Bayen sort de ce guêpier avec un spectacle magnifique, Parcours sensible, dont le titre pourrait tenir lieu de sous-titre à la plupart de ses spectacles. Suivra une mémorable Mouette de quatre heures. Il mène désormais une carrière de metteur en scène indépendant à la tête de sa compagnie La Fabrique (ex Pénélope) et commence à écrire des pièces. D’abord en tandem avec Louis-Charles Sirjacq : Square Louis Jouvet pour les élèves d’une promotion du TNS, puis à la MC93 Les Fiancés de la banlieue Ouest avec des acteurs comme Serge Valetti et ...Jean-Pierre Léaud (l’une de ses rares apparitions au théâtre ; la seule ?). Deux beaux souvenirs.

En 1982, salle Gémier, avec le directeur de Chaillot, Antoine Vitez, dans le rôle titre (mais aussi Bérangère Bonvoisin, Dominique Blanc alors élève, etc.), Bayen met en scène Schliemann, épisodes ignorés, une pièce dont il est l’auteur, un chef-d’œuvre. Paquebot, ville de Troie, fouilles, il est là chez lui. Son goût durable du voyage, dans le temps autant que dans l’espace, est là, il va se déployer par la suite parallèlement à sa carrière théâtrale, de multiple façons. Vitez l’invite à revenir salle Gémier, cela sera en 1984 : Faut-il choisir ? Faut-il rêver ?, l’histoire d’un clown qui est mort lorsque le rideau se lève. Bayen savait faire preuve d’un humour souvent glaçant.

Il est invité sur les plus grandes scènes. Le Chapeau de paille d’Italie à la Comédie-Française en 1985 (il notera : « A la Comédie-Française, vous êtes invité à dîner, mais vous n’êtes jamais sûr qu’on ne vous enverra pas votre assiette à la gueule au milieu du repas. C’est le charme. »), Œdipe à Colone de Sophocle au Festival d’Avignon 1987, Torquado Tasso de Goethe à l’Odéon en 1989, la création mondiale de Elle de Jean Genet avec Maria Casarès en 1990.

Du Cap Horn à Lady Di

En 1992 où il monte, parallèlement de chaque côté de la Seine, deux de ses pièces parmi les plus attachantes, Weimarland (une histoire de vente d’un restaurant en RDA) au Théâtre de la Bastille et L’Enfant bâtard (Hernando Colon, le fils de Christophe ; ce sujet sera aussi le sujet d’un roman) au théâtre de l’Odéon. Il poursuivra cette voie très personnelle en montant plusieurs de ses pièces, non sans difficultés parfois, mais aussi servant des textes de Fassbinder ou Lukas Bärfuss (Les Névroses sexuelles de nos parents au théâtre de Vidy-Lausanne).

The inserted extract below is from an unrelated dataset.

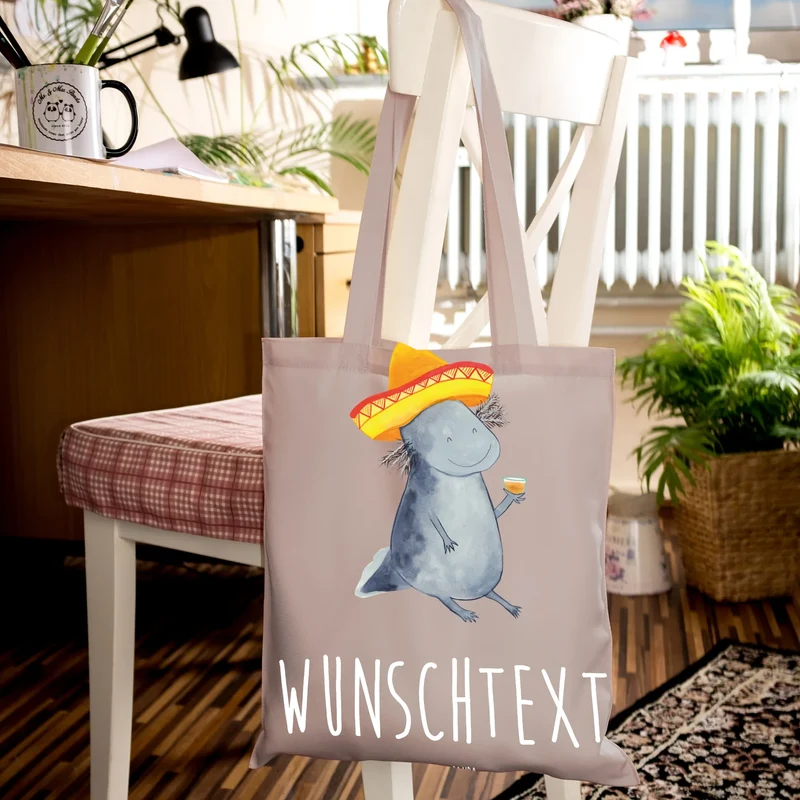 Personalisierte Foto Tragetasche Axolotl Tequila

C’est dans cette veine germaniste qui lui était chère que Bruno Bayen devait créer en 2006 à la Comédie-Française une pièce de Peter Handke dont il avait assuré la traduction, Le Voyage au pays sonore ou L’Art de la question, mais l’administrateur de l’époque ayant appris que Handke avait assisté aux obsèques de Milosevic mit fin au projet.

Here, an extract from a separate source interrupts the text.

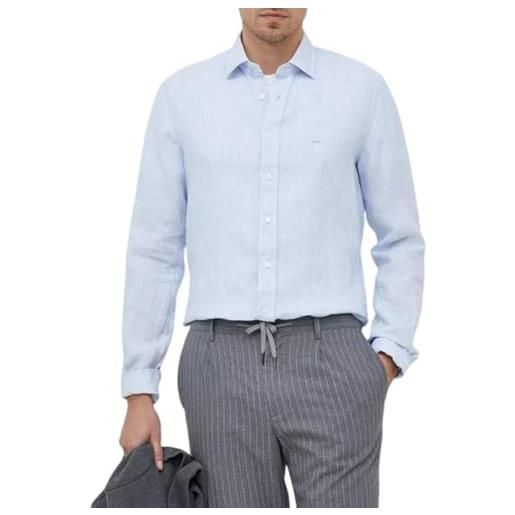 Michael Kors camicia slim fit in lino a righe bianco/celeste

Ce spectacle tué dans l’œuf le blesse et marque rétrospectivement comme une fêlure. Le théâtre reviendra, pas toujours avec bonheur, sporadiquement. L’écriture de romans, de récits se poursuit et devient plus régulière depuis son premier roman, Jean 3 Locke, en 1987. Suivront Restent les voyages en 1990, le magnifique Éloge de l’aller simple l’année suivante (un voyage romanesque de la Gironde au Cap Horn sur un cargo). La Vie sentimentale (2002) est un titre qui lui ressemble tout comme Fugue et rendez-vous (2011) ou Le Pli de la nappe au milieu du jour (1997). En 1978, comme le héros de Alice dans le villes (le film de Wenders), Bayen s’acheta un appareil photo polaroid SX-70. Vingt-cinq ans plus tard, alors que le Polaroïd était moribond, il fit un livre de ses clichés, de Santa-Fé à Kyoto sous le titre Pourquoi pas tout de suite ?. Je me souviens d’une de ses dernières pièces donnée au Théâtre de la Colline en 2005. Sous des noms d’emprunt, il évoquait Lady Diana, le prince Charles et son amante via des doublures, les serveurs de l’hôtel Ritz, des fleuristes et le porteur du cercueil de la princesse. Bayen avait choisi comme titre une jolie citation apocryphe, les derniers mots de la princesse sous le tunnel de l’Alma adressés à un paparazzo : Laissez-moi seule.